Chocolate Ravioli
Filled to the brim with delicacies such as:
~ Lavender White Chocolate ~ White Chocolate Lavender Apricot ~ Raspberry Violet Mascarpone White Chocolate ~ Bittersweet Orange ~ Raspberry White Chocolate ~
these rich and decadent chocolate ravioli are truly amazing.
And, finished with a lemon rosemary cream sauce simmering with chicken…the meal was absolutely flawless.
Sweet and Savory all at once. It’s a dream-meal come true for me.
Chocolate Ravioli
2 oz 51% semisweet chocolate
1 ½ cups flour
2 eggs
2 Tbs. extra virgin olive oil
Add the flour and salt to a large bowl and make a well in the middle.
Add the eggs and the oil to the well.
Mix the eggs and oil into the flour.
Melt the chocolate in the microwave or in a glass bowl over hot water. Add the melted chocolate to the flour mixture and mix well.
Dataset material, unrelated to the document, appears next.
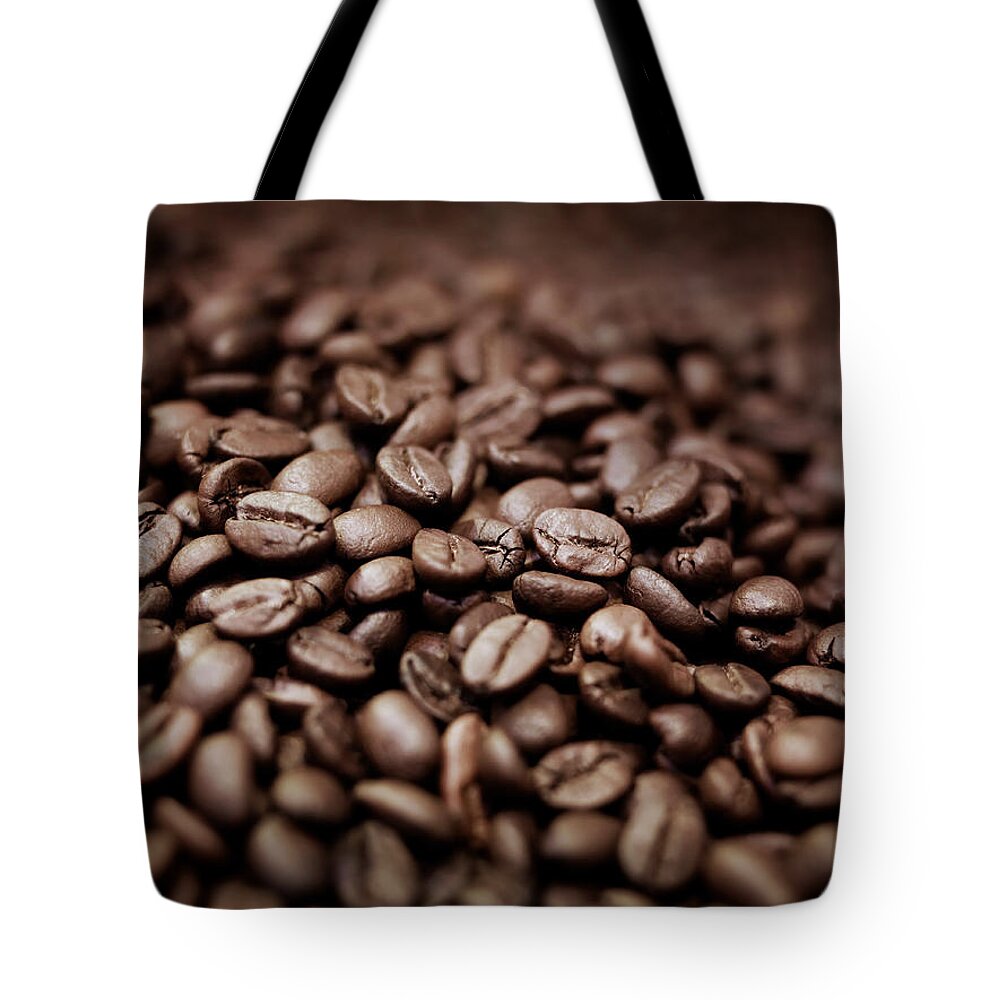 Large Group Of Objects Tote Bag featuring the photograph Close Up Of Coffee Beans by Adam Gault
Knead the dough well until the dough gets very smooth.
If the dough is too stiff just add a little bit more oil.
Only about half a teaspoon at a time.
Then cover with saran wrap and let it rest for an hour on the counter before using.
Cut the pasta dough into quarters.
Put one of the quarters through the pasta maker to make a long sheet of pasta. Alternatively, roll it out into a long rectangle.
Boil a large pot of water while you make the ravioli.
When ready to cook, drop the pasta into the boiling water and cook for about 5 minutes, or until the ravioli floats.
Drain and serve with a lemon rosemary cream sauce.